Understanding the Problem
To find the velocity of the center of mass of a rolling cylinder at the bottom of an inclined plane, we can use the principles of energy conservation. The cylinder rolls down from a height of 1 m.
Energy Conservation
- The potential energy (PE) at the height will convert to kinetic energy (KE) when it reaches the bottom.
- PE = mgh = 1 kg * 9.81 m/s² * 1 m = 9.81 Joules.
Kinetic Energy at the Bottom
The kinetic energy at the bottom is a combination of translational and rotational energies:
- KE = KE_translational + KE_rotational
- KE_translational = 0.5 * m * v²
- KE_rotational = 0.5 * I * ω²
For a solid cylinder, the moment of inertia (I) is given by:
- I = 0.5 * m * r²
- Here, r = 0.01 m (half the diameter).
The relationship between linear velocity (v) and angular velocity (ω) is:
- v = r * ω
- Thus, ω = v / r.
Setting Up the Equation
Substituting I and ω in the kinetic energy equation:
- KE_rotational = 0.5 * (0.5 * m * r²) * (v/r)²
- This simplifies to KE_rotational = 0.25 * m * v².
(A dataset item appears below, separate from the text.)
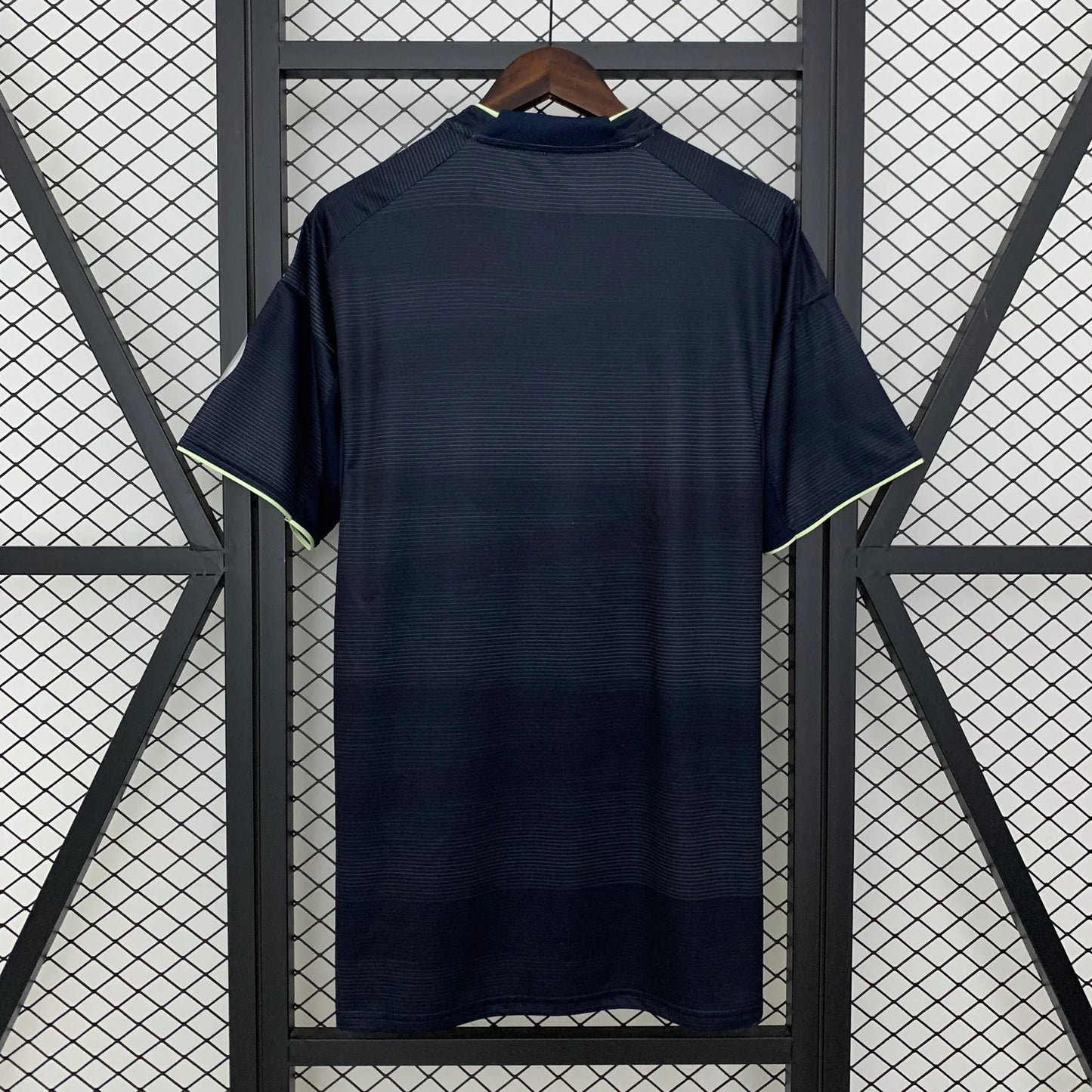 Real Madrid 25/26 Away image 2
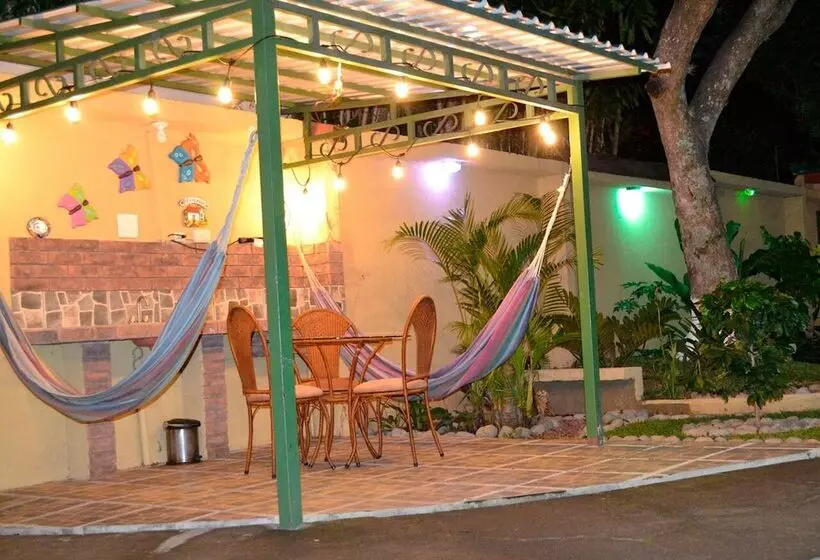 هتل Casa Tropical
The total kinetic energy becomes:
- KE = 0.5 * m * v² + 0.25 * m * v² = 0.75 * m * v².
Equating Energies
Now, equate potential energy to kinetic energy:
- mgh = 0.75 * m * v²
- Canceling m gives:
- gh = 0.75 * v².
Substituting values:
- 9.81 = 0.75 * v²
- v² = 9.81 / 0.75
- v² = 13.08
- v = √13.08 ≈ 3.61 m/s.
Thus, the velocity of the center of mass of the cylinder on reaching the bottom of the inclined plane is approximately 3.65 m/sec.